Wednesday, 9 May 2018


Kachina has fear and tension issues, so I've known for years that I want to train her using positive reinforcement as much as possible. I've used treats successfully in teaching her to help put her halter on, pick up her feet, and to lead more politely, but I've struggled with successfully using positive reinforcement in training her to stand quietly. One problem is that it's substantially easier to train a horse to "do" something, as opposed to "not do" something. However another serious barrier has been that no positive reward has historically been strong enough to overcome her tension. When Kachina would stand in the old barn she would be so wound up that me petting her or talking to her had no effect, and she would refuse treats. Kachina is food motivated to a point, but not very strongly. Positive reinforcement only works if you have a reward that your horse is actually willing to work for. Kachina did like to go back to her friends, so every time I would leave her out I would use it as a training opportunity that she only got to be untied when she stood nicely for a minute, she only got to exit the door when she waited for me to go first, etc, but let's be honest, the training applications of that particular reward were severely limited.

We still have standing problems sometimes in the new barn, but I'm pleased to say that Kachina is now in a situation where food rewards actually work.

The other day I brought Kachina in for a thorough grooming and shedding session. She was settled for most of the time, but when a horse in a nearby stall left to go for a ride, leaving the barn door open behind them, she became extremely distracted and kept turning towards the door and pawing. I stood on her opposite side, and whenever she looked away and started pawing, I cued her flank and asked her to move over and look back towards me. Whenever she looked back to me she got a treat. When her attention stayed with me for a moment she got another treat. We spent a solid 10 minutes repeating this. Initially it took multiple cues for her to push her haunches over and stop pawing, but she always took her treat when offered (a big deal by itself). After enough repetitions she started actively wanting the treat (but I stay firm on no mugging rules), and when her attention would drift she would just swing her head towards the door instead of her whole body, and I could redirect her attention to me before she started pawing. We ended the session on this positive note and I returned her to her pen.

Since then we've repeated this same exercise a few times. The layout of the barn is useful for me because she always want to pay attention down one end of the alley so I can stand on her other side to reward her for re-directing focus to me. Some days have been better than others, but I have been able to get some positive response each time. We have a lot of steps remaining to transition this refocusing exercise into consistently standing quietly, but I have hope that we'll get there now that we actually have a functional positive training tool. 
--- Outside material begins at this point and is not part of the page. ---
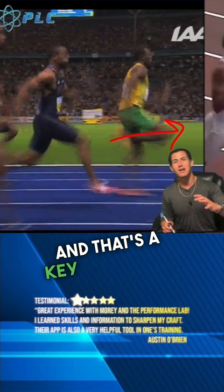We'll look at Tyson Gay as well, where you can see his knee right here — you can see that foot hitting the ground and the knee, the swing leg knee, is out in front.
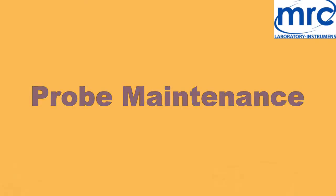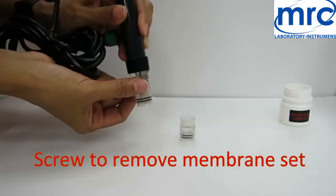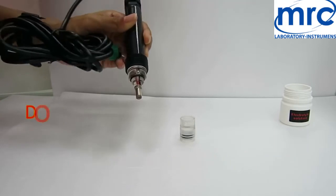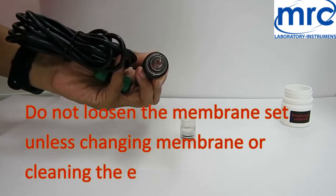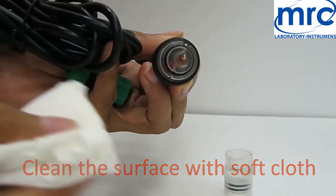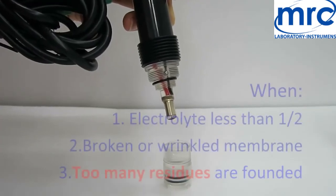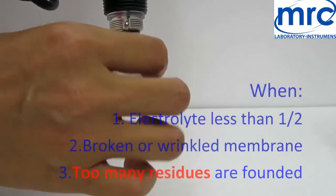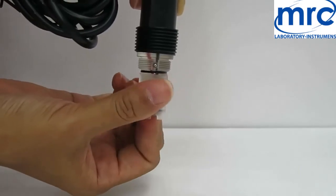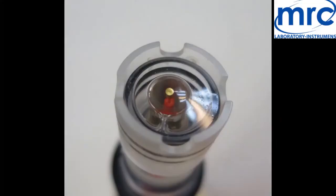Probe maintenance: pour electrolyte solution into the new membrane set until full. Remove the membrane set from the probe. Once the membrane set has been removed, do not reuse the same membrane set. Do not loosen the membrane set unless you need to change it or clean the electrode. Use a soft or long-fiber cloth to clean the surface. If residues cannot be removed by cloth, you can use a fingernail or knife to scrape. Only when dissolved oxygen electrolyte is less than half, the membrane is broken or wrinkled, or too many residues are found on the electrode working area, must you change to a new membrane set. Install the new membrane set with full electrolyte and screw it tight, then rinse with clean water and wipe.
Has anyone else struggled with clicker or reward-based training with a horse who wasn't food motivated enough?


  1. Luckily all mine wants is scratches and cookies all day every day, even if it's the apocalypse, so clicker training was quite easy for him. I tend to use a fanny pack (I am very fashionable at the barn, it's true) full of grain that he likes vs cookies. He seems to want to work for the grain for longer than the cookies.

    The that TC will work for is scratching the withers, it's a primary reinforcer because it lowers their heart rate so they will work for it. I've used it a TON undersaddle just without clicks and it's been instrumental for his dressage training I think.

    Good luck! I love clicker training.

  2. I think Nicole's horse wasn't that food motivated to start but then he became a food hound after

  3. If any animal is stressed they will often refuse treats. For Carmen the answer has never been treats but to give her a task and help her focus on it.